Les partis de droite profitent de la colère contre l’austérité et l’inégalité

Défaite historique des sociaux-démocrates lors des élections italiennes

Par Marianne Arens
7 mars 2018

Dans le quatrième plus grand pays de l’Union européenne, au milieu de la pauvreté et du chômage et de la désaffection croissante envers les partis de centre-gauche et de leurs partisans de la pseudo-gauche, les élections législatives de dimanche en Italie ont abouti à une défaite historique du Parti démocrate (PD) et une victoire pour les partis de droite et d’extrême droite.

Les niveaux dramatiques de détresse sociale en Italie – avec un taux de chômage des jeunes de 30 pourcents – sont en grande partie le produit des politiques menées par les gouvernements de centre-gauche. Alors que les gouvernements de droite sous Silvio Berlusconi se caractérisaient par une corruption effrénée, les noms des premiers ministres de centre-gauche – Romano Prodi, Massimo D’Alema et Matteo Renzi – sont inséparablement liés aux coupes sociales et à l’austérité dirigée contre la classe ouvrière

Les principaux bénéficiaires des élections de dimanche étaient les forces de droite et d’extrême droite – avant tout, le Mouvement cinq étoiles de Beppe Grillo et le parti raciste Lega dirigé par Matteo Salvini. À 73 pourcents, le taux de participation électorale était relativement faible comparé à d’autres élections italiennes.

La victoire électorale des partis de droite a aggravé la crise de l’Union européenne du fait que le Mouvement cinq étoiles et Lega sont soit critiques, soit opposés au maintien de l’Italie dans l’UE. Les analystes financiers craignent également qu’une crise gouvernementale prolongée ne conduise à l’effondrement du fragile système bancaire italien.

Aucun parti ou alliance électorale n’obtient la majorité requise pour former un gouvernement.

Le PD, l’ancien parti au pouvoir, n’a remporté que 18,7 pourcents des voix. Il ne détient plus que 105 des 630 sièges à la Chambre des députés et 50 des 315 sièges au Sénat. Le parti Libre et Egale (LeU-Liberi e Uguali), une scission du PD dirigée par le procureur anti-mafia Pietro Grasso n’a obtenu que 3,4 pourcents des voix.

Matteo Renzi a déclaré sa démission de la tête du PD lundi soir.
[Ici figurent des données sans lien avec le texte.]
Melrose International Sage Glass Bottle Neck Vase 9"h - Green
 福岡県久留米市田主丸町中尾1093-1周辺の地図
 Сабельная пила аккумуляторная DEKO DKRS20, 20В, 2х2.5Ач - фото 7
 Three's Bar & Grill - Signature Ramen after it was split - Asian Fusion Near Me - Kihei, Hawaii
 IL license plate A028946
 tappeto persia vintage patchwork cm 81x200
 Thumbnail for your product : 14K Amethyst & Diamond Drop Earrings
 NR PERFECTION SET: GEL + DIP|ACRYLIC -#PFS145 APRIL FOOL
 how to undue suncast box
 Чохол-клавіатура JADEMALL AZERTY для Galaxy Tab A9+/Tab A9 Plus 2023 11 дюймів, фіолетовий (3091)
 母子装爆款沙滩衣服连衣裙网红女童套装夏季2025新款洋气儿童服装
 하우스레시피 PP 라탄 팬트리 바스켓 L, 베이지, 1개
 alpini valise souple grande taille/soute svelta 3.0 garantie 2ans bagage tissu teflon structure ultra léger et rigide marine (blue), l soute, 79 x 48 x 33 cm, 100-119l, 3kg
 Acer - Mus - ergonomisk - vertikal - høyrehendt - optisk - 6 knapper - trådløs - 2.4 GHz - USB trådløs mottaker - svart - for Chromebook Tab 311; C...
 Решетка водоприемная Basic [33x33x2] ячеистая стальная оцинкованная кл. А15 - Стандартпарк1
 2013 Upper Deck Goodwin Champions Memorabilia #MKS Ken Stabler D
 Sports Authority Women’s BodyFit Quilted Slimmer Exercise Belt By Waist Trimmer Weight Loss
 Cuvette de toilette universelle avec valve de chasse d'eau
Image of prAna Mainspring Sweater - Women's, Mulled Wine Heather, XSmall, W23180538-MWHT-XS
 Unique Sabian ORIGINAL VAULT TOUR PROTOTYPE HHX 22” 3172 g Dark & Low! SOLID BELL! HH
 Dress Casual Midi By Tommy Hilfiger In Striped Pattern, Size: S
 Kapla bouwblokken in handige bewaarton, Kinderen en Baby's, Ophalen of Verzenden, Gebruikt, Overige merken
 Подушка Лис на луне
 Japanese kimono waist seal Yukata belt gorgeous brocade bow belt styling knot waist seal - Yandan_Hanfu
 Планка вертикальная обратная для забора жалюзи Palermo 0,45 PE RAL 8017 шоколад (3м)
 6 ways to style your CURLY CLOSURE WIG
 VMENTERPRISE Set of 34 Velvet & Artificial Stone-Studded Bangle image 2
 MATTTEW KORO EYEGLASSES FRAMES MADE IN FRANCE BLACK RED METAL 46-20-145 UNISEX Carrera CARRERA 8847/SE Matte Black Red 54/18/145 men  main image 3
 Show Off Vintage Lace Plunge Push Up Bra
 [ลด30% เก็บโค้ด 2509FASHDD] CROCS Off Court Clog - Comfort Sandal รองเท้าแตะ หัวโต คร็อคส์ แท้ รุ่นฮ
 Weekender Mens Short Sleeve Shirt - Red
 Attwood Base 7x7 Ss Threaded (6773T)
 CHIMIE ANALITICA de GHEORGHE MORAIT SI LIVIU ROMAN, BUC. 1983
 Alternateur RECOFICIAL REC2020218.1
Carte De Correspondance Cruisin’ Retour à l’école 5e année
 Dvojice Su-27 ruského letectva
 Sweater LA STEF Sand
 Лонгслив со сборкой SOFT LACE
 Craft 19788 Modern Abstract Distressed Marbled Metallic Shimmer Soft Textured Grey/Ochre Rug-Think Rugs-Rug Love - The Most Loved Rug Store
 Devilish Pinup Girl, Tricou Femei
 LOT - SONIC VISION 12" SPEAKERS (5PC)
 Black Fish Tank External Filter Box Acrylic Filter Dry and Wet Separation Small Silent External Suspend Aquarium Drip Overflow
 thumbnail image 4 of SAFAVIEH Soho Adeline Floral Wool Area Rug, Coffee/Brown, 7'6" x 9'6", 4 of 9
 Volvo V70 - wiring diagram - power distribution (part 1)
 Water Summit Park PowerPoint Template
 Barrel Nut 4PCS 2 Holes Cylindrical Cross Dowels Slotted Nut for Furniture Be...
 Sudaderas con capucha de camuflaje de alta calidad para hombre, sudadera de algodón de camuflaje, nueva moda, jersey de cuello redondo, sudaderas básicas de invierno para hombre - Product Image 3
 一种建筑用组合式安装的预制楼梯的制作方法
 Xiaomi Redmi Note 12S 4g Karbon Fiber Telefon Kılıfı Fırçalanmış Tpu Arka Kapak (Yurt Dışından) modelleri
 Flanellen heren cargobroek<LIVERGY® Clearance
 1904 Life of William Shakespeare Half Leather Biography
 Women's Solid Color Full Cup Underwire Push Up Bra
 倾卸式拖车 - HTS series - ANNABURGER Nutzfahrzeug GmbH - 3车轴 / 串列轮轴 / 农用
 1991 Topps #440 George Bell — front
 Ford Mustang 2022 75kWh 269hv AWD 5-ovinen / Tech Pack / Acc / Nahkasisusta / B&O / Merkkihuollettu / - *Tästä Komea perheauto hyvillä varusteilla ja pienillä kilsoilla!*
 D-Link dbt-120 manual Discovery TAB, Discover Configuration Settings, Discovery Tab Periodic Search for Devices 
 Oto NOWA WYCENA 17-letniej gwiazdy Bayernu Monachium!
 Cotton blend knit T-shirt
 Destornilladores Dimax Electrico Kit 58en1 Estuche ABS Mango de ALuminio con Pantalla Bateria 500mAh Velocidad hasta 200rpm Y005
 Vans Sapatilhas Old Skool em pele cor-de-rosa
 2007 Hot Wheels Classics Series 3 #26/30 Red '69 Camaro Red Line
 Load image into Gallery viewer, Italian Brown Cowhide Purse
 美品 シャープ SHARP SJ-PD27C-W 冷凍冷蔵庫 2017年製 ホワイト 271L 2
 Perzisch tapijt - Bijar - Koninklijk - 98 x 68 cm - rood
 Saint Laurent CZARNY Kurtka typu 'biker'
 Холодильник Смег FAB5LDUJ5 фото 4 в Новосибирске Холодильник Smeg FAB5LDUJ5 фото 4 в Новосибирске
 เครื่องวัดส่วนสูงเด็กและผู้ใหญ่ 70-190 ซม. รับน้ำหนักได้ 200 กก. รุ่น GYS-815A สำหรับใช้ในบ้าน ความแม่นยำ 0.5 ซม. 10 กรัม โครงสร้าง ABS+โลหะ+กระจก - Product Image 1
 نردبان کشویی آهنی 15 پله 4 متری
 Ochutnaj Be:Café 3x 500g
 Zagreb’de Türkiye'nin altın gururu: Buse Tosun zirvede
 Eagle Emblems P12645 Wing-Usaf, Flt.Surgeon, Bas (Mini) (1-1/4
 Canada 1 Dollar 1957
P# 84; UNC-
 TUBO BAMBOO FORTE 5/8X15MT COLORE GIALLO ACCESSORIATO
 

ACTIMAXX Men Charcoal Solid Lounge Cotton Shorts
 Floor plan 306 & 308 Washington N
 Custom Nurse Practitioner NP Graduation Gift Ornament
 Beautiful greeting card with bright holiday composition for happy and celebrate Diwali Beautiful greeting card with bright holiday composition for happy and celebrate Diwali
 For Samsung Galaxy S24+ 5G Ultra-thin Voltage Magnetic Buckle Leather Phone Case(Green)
L’alliance qu’il a menée, qui comprenait un groupe autour de Giuseppe Pisapia (Insieme) et le parti pro-UE +Europa, n’a obtenu que 22,9 pourcent des voix et s’est placé en troisième position derrière l’alliance de droite de Berlusconi et le Mouvement de cinq étoiles de Grillo.

Matteo Salvini, à la tête de la Lega (anciennement Lega Nord), a revendiqué lundi son droit au poste de Premier ministre. Son parti a « le droit et le devoir de gouverner dans les années à venir », a déclaré Salvini. Avec 17,4 pourcents des voix, Lega a éclipsé son allié Forza Italia (14 pourcents) dirigé par Silvio Berlusconi. Le parti fasciste Fratelli d’Italia (Frères d’Italie) de Georgia Meloni, qui fait également partie de cette alliance, a obtenu 4,3 pourcents.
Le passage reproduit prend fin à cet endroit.